DESCRIPTION OF THE TASK. Look below for the line containing "- ブラック レディース_画像9" and the line containing "Walls being framed"; repeat exactly those two lines and all lines between them, and nothing else.

RECORDS SHOWN.
-- Opening Marker --
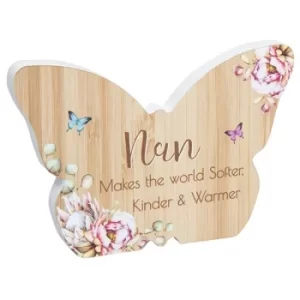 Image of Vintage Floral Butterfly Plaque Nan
-- Closing Marker --
-- Opening Marker --
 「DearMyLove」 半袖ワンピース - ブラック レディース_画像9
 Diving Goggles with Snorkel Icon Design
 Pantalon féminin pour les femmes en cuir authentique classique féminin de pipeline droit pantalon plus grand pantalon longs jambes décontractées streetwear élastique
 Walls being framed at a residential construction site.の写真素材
-- Closing Marker --
-- Opening Marker --
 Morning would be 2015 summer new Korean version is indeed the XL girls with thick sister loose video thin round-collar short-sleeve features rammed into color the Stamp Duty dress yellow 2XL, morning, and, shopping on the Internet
-- Closing Marker --
RESPONSE.
 「DearMyLove」 半袖ワンピース - ブラック レディース_画像9
 Diving Goggles with Snorkel Icon Design
 Pantalon féminin pour les femmes en cuir authentique classique féminin de pipeline droit pantalon plus grand pantalon longs jambes décontractées streetwear élastique
 Walls being framed at a residential construction site.の写真素材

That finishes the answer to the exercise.